Avevo ascoltato il disco dei Virginiana Miller e non mi era piaciuto. Suoni deludenti, melodie inefficaci, voce poco convincente. In realtà non avevo capito nulla. Perché questo disco andrebbe conservato nelle biblioteche. E’ accaduto in un istante. Ascoltando di nuovo, svogliatamente. Un piccolo dettaglio, un’emozione imprevista, la pelle d’oca. Improvvisamente sono esplosi i significati e “Fuochi fatui d’artificio” si è rivelato per quel che è: un piccolo capolavoro di cantautorato moderno. Uno di quei dischi che ti mette al riparo dalla realtà e te la racconta, spingendoti il fiato in gola e lasciandoti un timbro dolceamaro nella voce. Esempio magnifico di musica scritta come fosse un libro. Fiabe inafferrabili, frammenti di pensiero, fatti storici, invenzioni d’autore. Racconti che sigillano l’immaginazione nei sentimenti.
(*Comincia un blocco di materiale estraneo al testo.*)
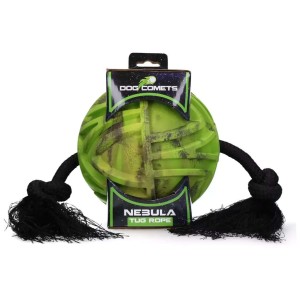 Hondenspeeltje Dog Comets nebula tug rope groen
Canzoni che hanno proprio i Virginiana Miller come prima influenza, sorta di autoreferenzialità che nel loro caso significa stile e personalità. “La verità sul tennis” e “Gelaterie Sconsacrate” avevano certamente alcuni momenti di maggiore stupore, ma risultavano forse meno maturi e continui. Stavolta è una narrazione totale, concatenata, dal primo all’ultimo brano, quasi fosse un concept album. Ed è un peccato dovervelo raccontare con le mie parole, perché il modo migliore sarebbe farvi leggere tutti i testi. Eppure non è un disco per tutti, richiede una sensibilità particolare. Difficile interpretarlo a primo ascolto, si rivela col tempo. Dentro c’è Pasolini (“guai a chi lo tocca”), c’è Alessandro Magno che scopre il petrolio, ci sono sguardi al cielo (“tutte le stelle sono splendenti, eppure speri in quelle cadenti”). Ci sono Ladispoli, Ostia e Cerveteri. Si accende persino un vecchio Commodore64. E poi c’è “Uri Geller” che piega cucchiaini in uno dei testi più belli che abbia letto quest’anno. Ma questo disco non è solo Parola è anche Musica. E’ pop orchestrale e rock decadente. Anzi nessuno dei due, perché è soprattutto musica d’autore. Erudita e divertita. Ironica e poetica. Colta e profonda. Scritta con raro equilibrio tra suono e parola. Sviluppata sull’alternanza tra momenti scanzonati e lunghe onde malinconiche. Trame di tastiere, chitarre, archi, elettronica si sovrappongono alla voce di Simone Lenzi che forse non possiede il dono della grazia, ma che ormai trasporta significati con il pathos e l’autorevolezza di un grande cantautore.
“Fuochi fatui d’artificio” è il lavoro letterariamente più intenso del 2006. Se almeno una volta siete stati abbracciati ad una persona importante per sussurragli le parole lette su un libro, forse questo disco è il modo migliore per trovare qualcuno che stavolta le legga per voi.